▶ **WHAT IS NEEDED**
Output the full listing exactly as written, with no pictures in it.

▶ **INFORMATION SHOWN**
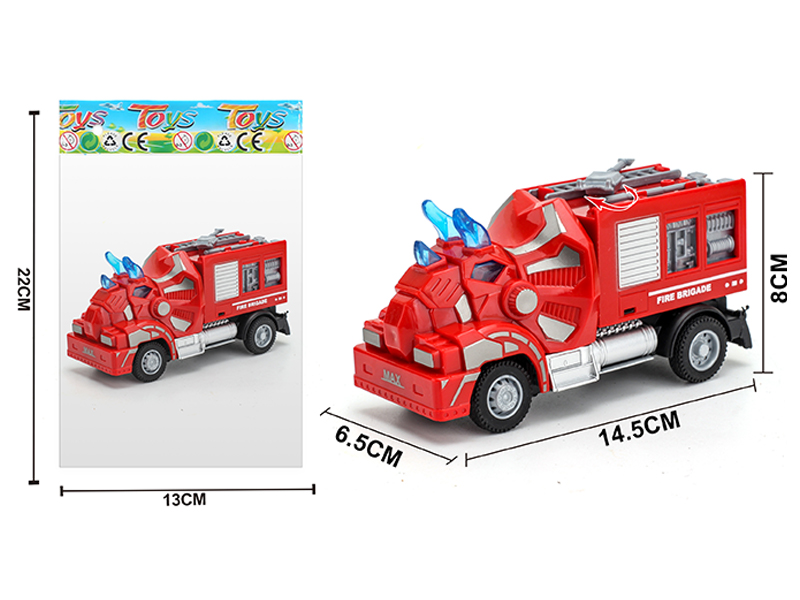 1:64 Pull Back Triceratops Water Cannon Fire Truck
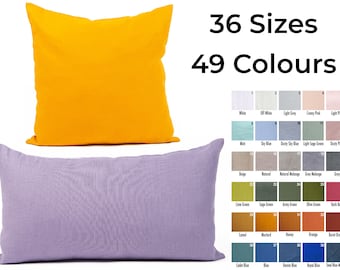Taie d'oreiller en lin 49 couleurs, couleur et taille de taie d'oreiller personnalisées, taie d'oreiller avec fermeture à enveloppe arrière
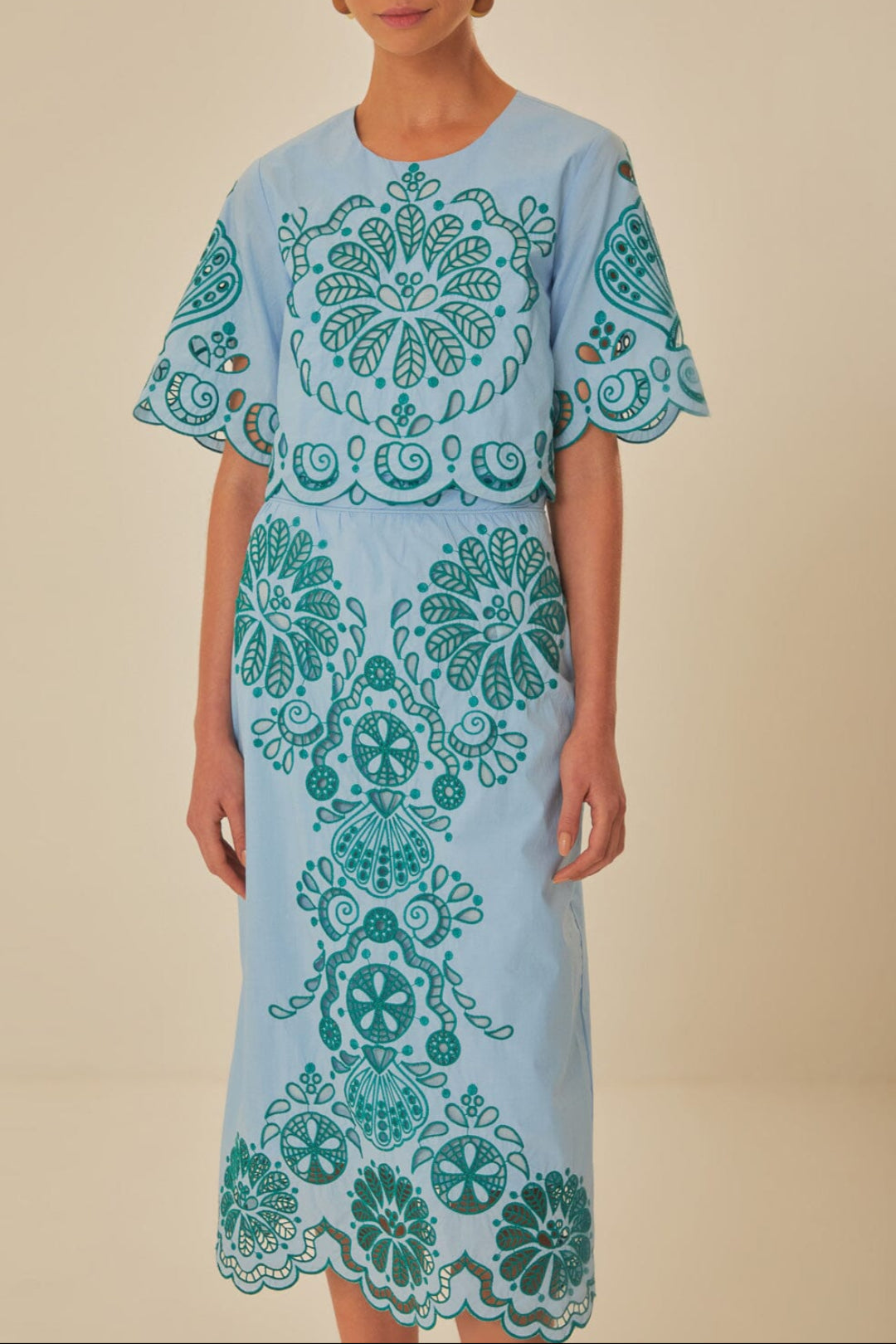 Jupe midi Richelieu à motif graphique en coton - Bleu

▶ **REPLY**
 1:64 Pull Back Triceratops Water Cannon Fire Truck
Taie d'oreiller en lin 49 couleurs, couleur et taille de taie d'oreiller personnalisées, taie d'oreiller avec fermeture à enveloppe arrière
 Jupe midi Richelieu à motif graphique en coton - Bleu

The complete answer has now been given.